### Activity
Below are entries; copy exactly, and only, the lines from the one containing "Зеленый ВАЗ Калина, объемом" through their final line, leaving out pictures.

### The input
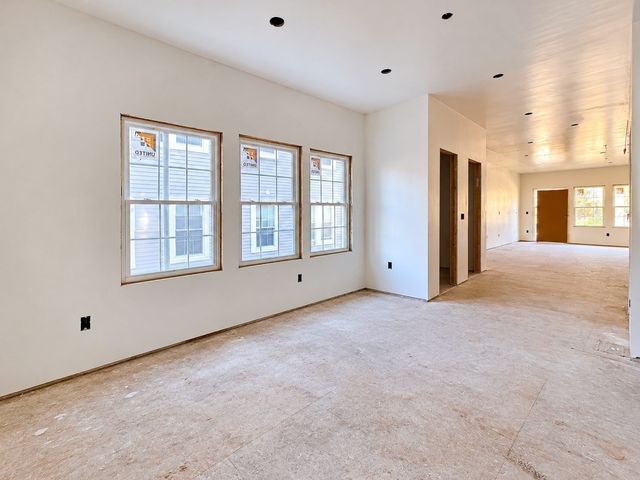 29 Westmore 29, Boston, MA 02126
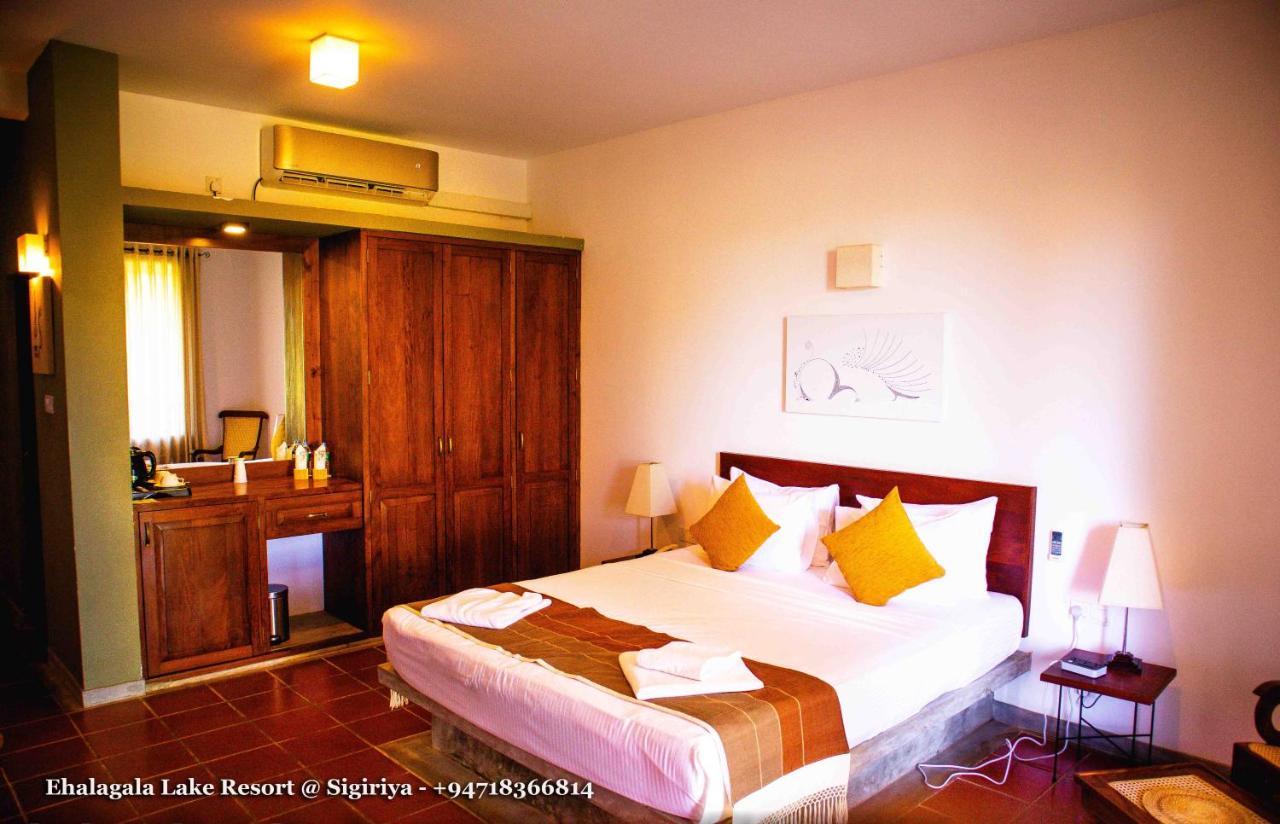 Ehalagala Lake Resort Sigiriya Esterno foto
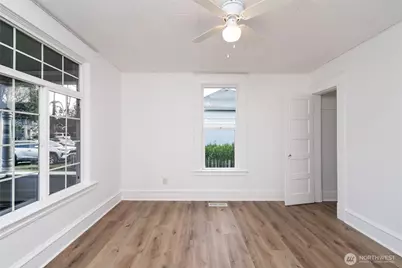 1016 E Orange Avenue, Burlington, WA 98233 - Photo 8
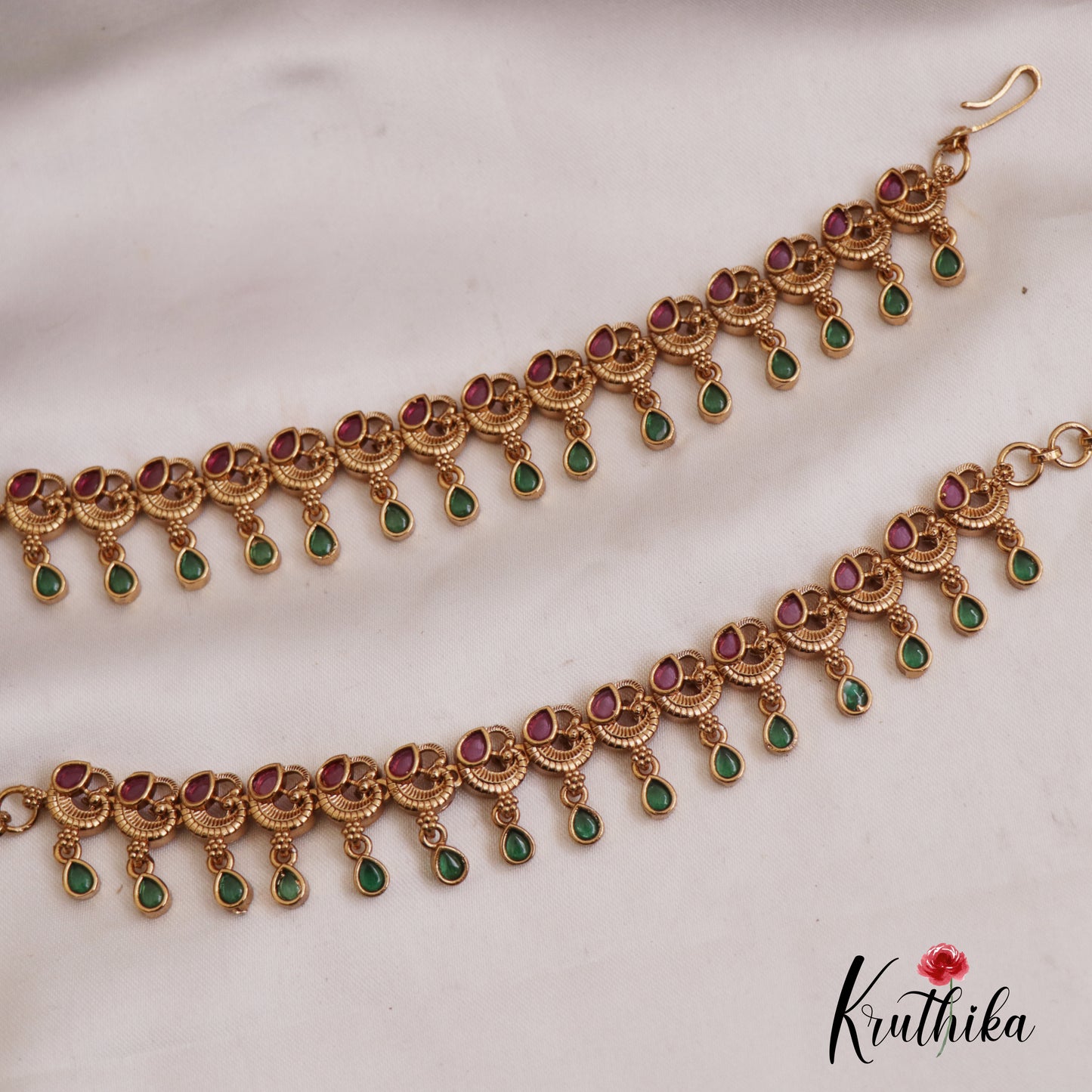 Beautiful Kemp Peacock Motifs Earchains EC196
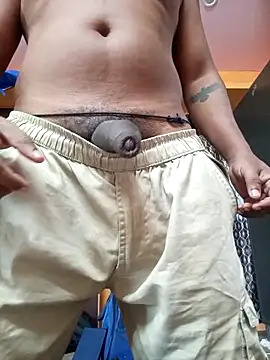 Snapshot of bigcock_thick chatting on 07-02-26, 02:11 bigcock thick online show from 07-02-26, 02:11
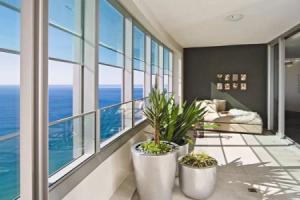 Q1 Resort & Spa - Ocean - 4 Nights, Surfers Paradise, Australia, Gold Coast
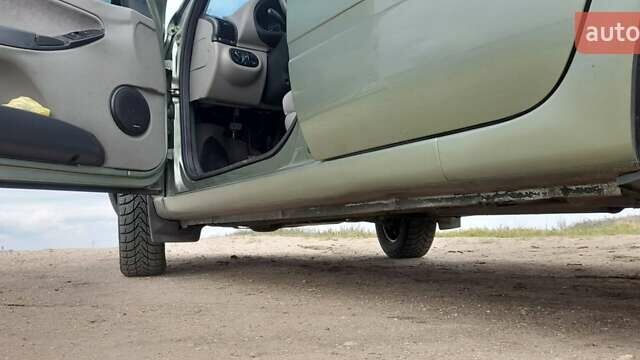 Зеленый ВАЗ Калина, объемом двигателя 1.6 л и пробегом 55 тыс. км за 3700 $, фото 13 на Automoto.ua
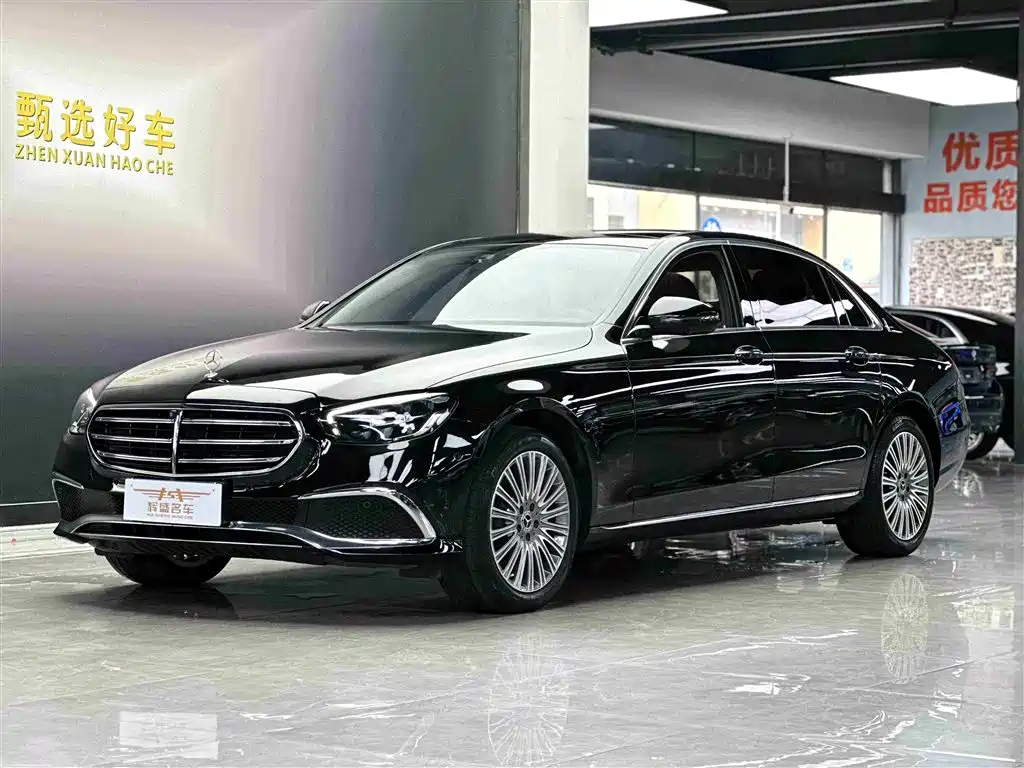  E CLASS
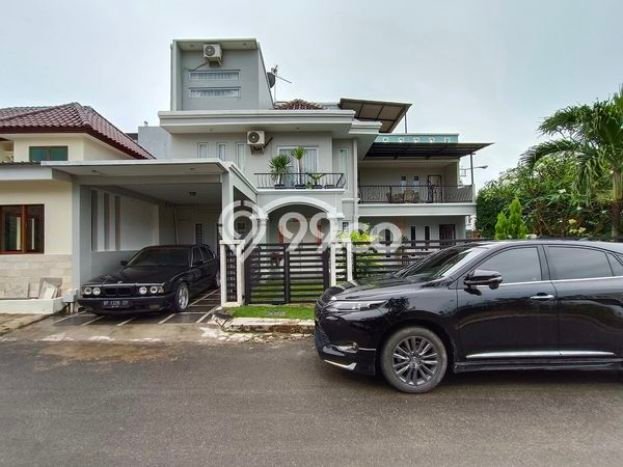 Rumah Idaman Modern! Rumah Mewah area Batam Centre, Batam, Luas 163m² Bangunan 300m² Rumah Idaman Modern! Rumah Mewah area Batam Centre, Batam, Luas 163m² Bangunan 300m²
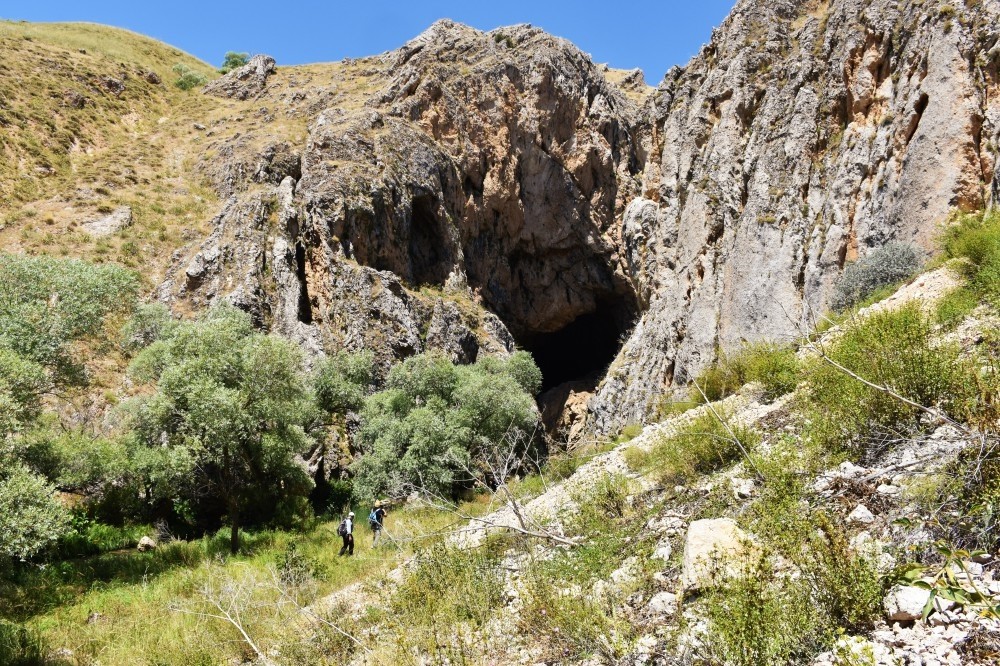 Kunav Cave is located in theKayadelen village, 12 kilometers away from the Varto district of Muu015f.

### Answer box
 Зеленый ВАЗ Калина, объемом двигателя 1.6 л и пробегом 55 тыс. км за 3700 $, фото 13 на Automoto.ua
  E CLASS
 Rumah Idaman Modern! Rumah Mewah area Batam Centre, Batam, Luas 163m² Bangunan 300m² Rumah Idaman Modern! Rumah Mewah area Batam Centre, Batam, Luas 163m² Bangunan 300m²
 Kunav Cave is located in theKayadelen village, 12 kilometers away from the Varto district of Muu015f.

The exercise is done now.